Modernisation, modernisation et modernisation. Dans son deuxième discours à la nation, hier, le président russe, Dmitri Medvedev, a dressé le portrait d'une Russie «primitive» qu'il a promis de moderniser pour en faire un pays concurrentiel et démocratique

«Plutôt qu'une société archaïque dans laquelle les leaders pensent et décident pour tous, devenons une société de gens intelligents, libres et responsables.» C'est le chef de l'État russe qui l'a dit.

Déjà en septembre, Dmitri Medvedev avait créé une commotion en publiant sur le site du journal libéral en ligne Gazeta.ru un texte peu flatteur sur son propre pays. Il demandait alors aux citoyens de lui envoyer leurs propositions pour moderniser la Russie. Aussi, 18 657 commentaires plus tard, il a présenté hier son ambitieux plan pour faire entrer son pays dans le XXIe siècle et sortir l'économie russe de sa dépendance envers les hydrocarbures.

Pour Medvedev, la modernisation permettra à la Russie d'être plus «concurrentielle» et plus «efficace», deux mots qu'il a prononcés à plusieurs reprises dans son discours de 100 minutes. Medvedev a d'ailleurs tenu à faire une profession de foi envers le libéralisme économique.

«En période de crise, le rôle de l'État dans l'économie, naturellement, a de nouveau augmenté. C'est évidemment une tendance qu'on observe partout dans le monde, mais dans une perspective à long terme, il n'y a rien de bon là-dedans.»

Dmitri Medvedev a ajouté que plusieurs grandes sociétés d'État russes étaient vouées à disparaître: «Ce modèle, dans les conditions actuelles, est dans l'ensemble sans avenir», a-t-il annoncé.

Moins de fuseaux horaires

Pour améliorer la gestion du plus grand pays du monde, M. Medvedev a eu une proposition des plus surprenantes: réduire le nombre de fuseaux horaires du pays, qui en compte 11. Il a toutefois laissé aux experts la tâche d'en déterminer le nombre approprié - par le passé, certains ont proposé de passer à quatre.

Dmitri Medvedev a promis des améliorations dans presque tous les domaines: augmentation des rentes des retraités, internet haute vitesse dans tout le pays et en premier lieu dans les écoles, gouvernement en ligne - notamment pour améliorer la transparence des structures de l'État et en finir avec la corruption.

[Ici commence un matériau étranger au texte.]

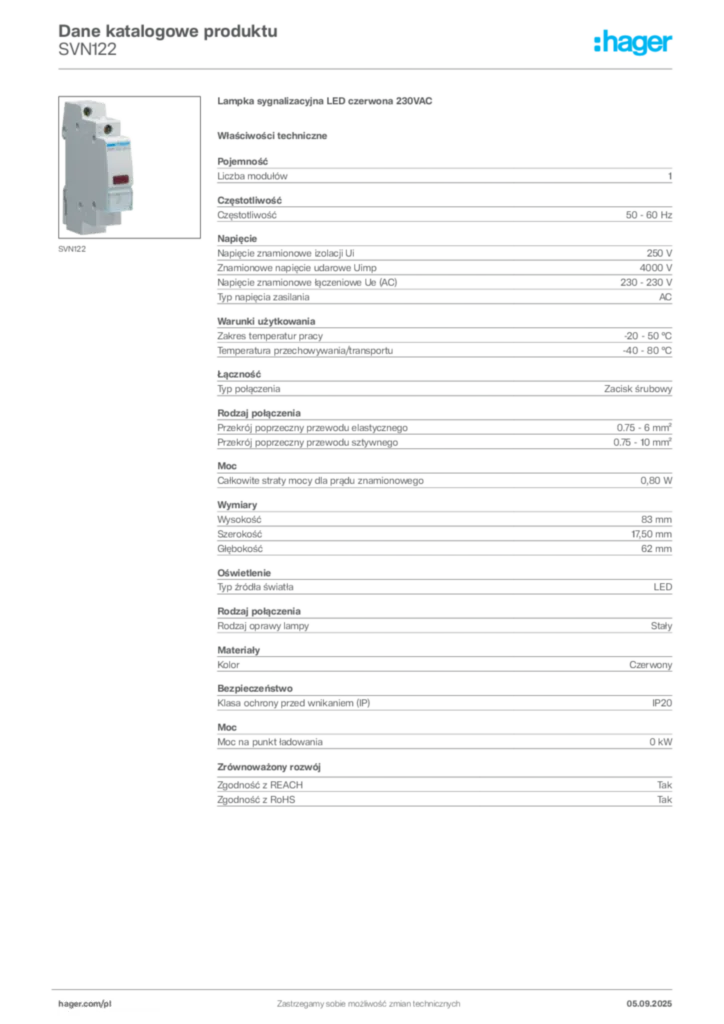 Zdjęcie Hager Dane katalogowe produktu SVN122 | Hager Polska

S'il n'a pas glissé un mot sur la situation des droits de l'homme, il a assuré que la modernisation de l'économie ne peut se faire sans la refonte des institutions démocratiques. Mais, du même souffle, le président Medvedev a prévenu les mouvements de l'opposition que l'ouverture aurait ses limites: «Le renforcement de la démocratie ne signifie pas un affaiblissement de l'ordre public. Toutes les tentatives pour ébranler la situation sous le couvert de slogans démocratiques, pour déstabiliser l'État et diviser la société seront empêchées.» En Russie, les opposants se voient souvent refuser la permission de manifester, sous divers prétextes «administratifs».

En matière de politique étrangère, Medvedev a évité de narguer l'Occident, ce qui était devenu une habitude depuis l'entrée en fonction de son prédécesseur Vladimir Poutine, en 2000. Dans son discours de l'an dernier, qui coïncidait avec l'annonce de l'élection de Barack Obama, Medvedev avait annoncé l'installation de missiles Iskander dans l'enclave de Kaliningrad pour contrer le bouclier antimissile américain. Ces deux projets ont été abandonnés. «Notre politique étrangère doit être exclusivement pragmatique. Son efficacité doit être jugée selon un critère simple: Contribue-t-elle à améliorer le niveau de vie de notre pays?» s'est-il plutôt limité à dire hier.

Selon Pavel Koudioukine, analyste des réformes de l'administration de l'État à l'École supérieure d'économie de Moscou, les mots qu'a choisis le président sont justes, mais sans une «réforme sérieuse du système politique», ces plans n'ont aucune chance de se concrétiser. M. Koudioukine n'a rien perçu dans ce discours qui laisse croire que le tandem Medvedev-Poutine soit prêt à desserrer son emprise sur le pouvoir pour mettre en branle une vraie modernisation.

«Sans système judiciaire indépendant, rien n'est possible, poursuit-il. Tant que des obstacles institutionnels et politiques freineront le développement économique, nous resterons un pays périphérique à l'économie archaïque basée sur les matières premières.»